■ **Your assignment**
Without including any images, repeat the listing below exactly.

■ **The data**
---

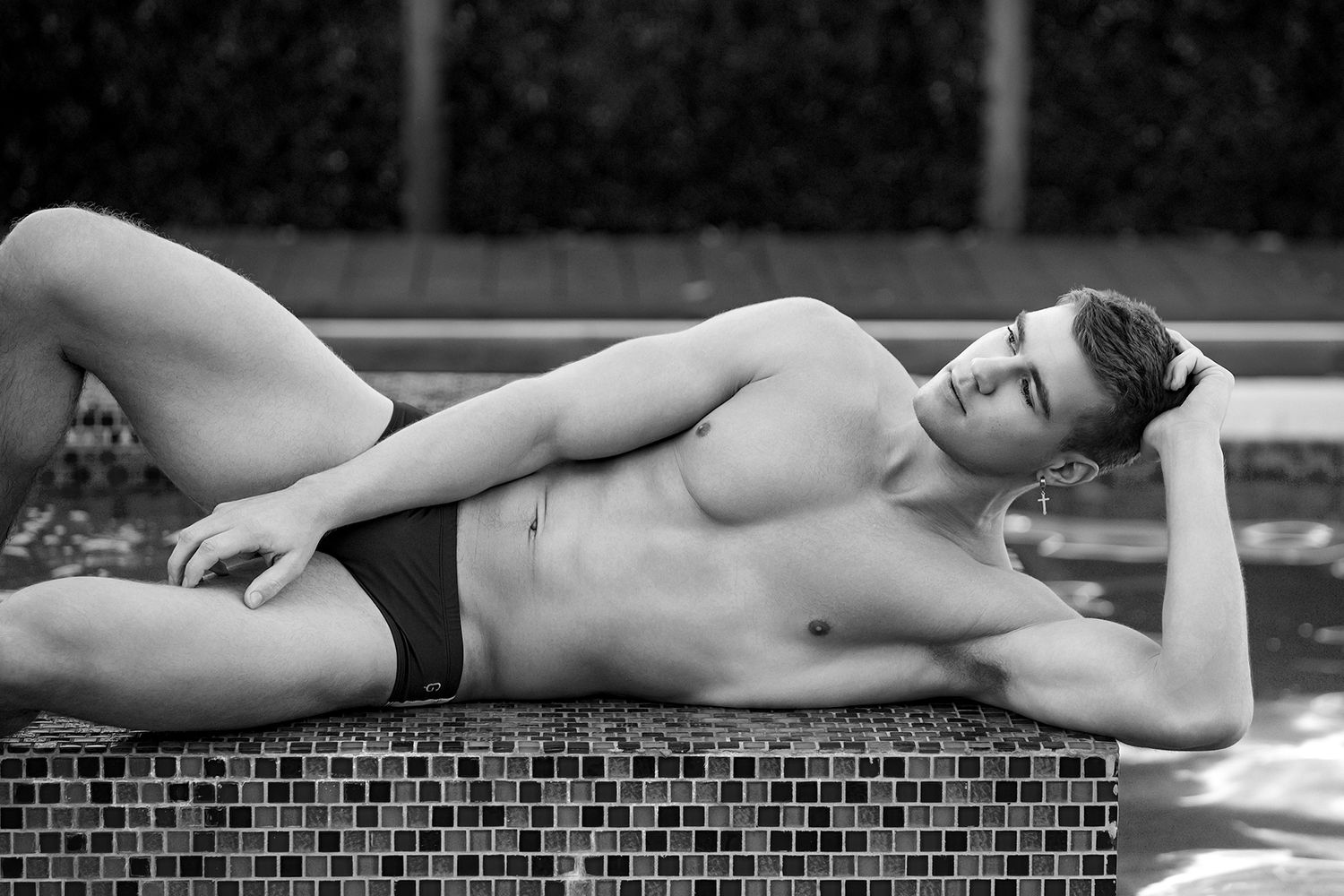 Black and white photo of a fit young man in swim briefs relaxing by a pool edge in bright sunlight.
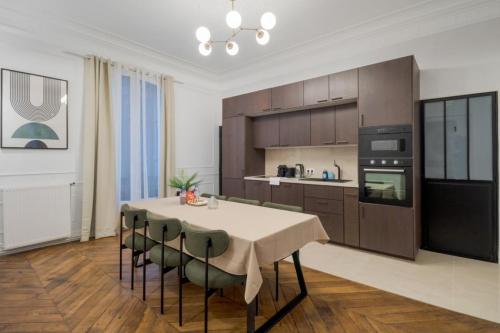 une cuisine avec une table et des chaises dans une pièce dans l'établissement Mobility lease - La Fayette - 8 people, à Paris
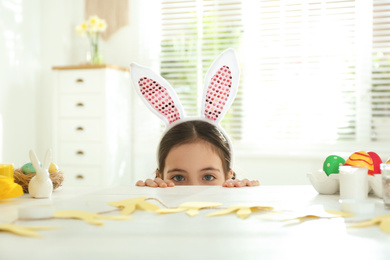 Photo of Cute little girl wearing bunny ears headband at table with Easter eggs, indoors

---

■ **Response to this exercise**
 Black and white photo of a fit young man in swim briefs relaxing by a pool edge in bright sunlight.
 une cuisine avec une table et des chaises dans une pièce dans l'établissement Mobility lease - La Fayette - 8 people, à Paris
 Photo of Cute little girl wearing bunny ears headband at table with Easter eggs, indoors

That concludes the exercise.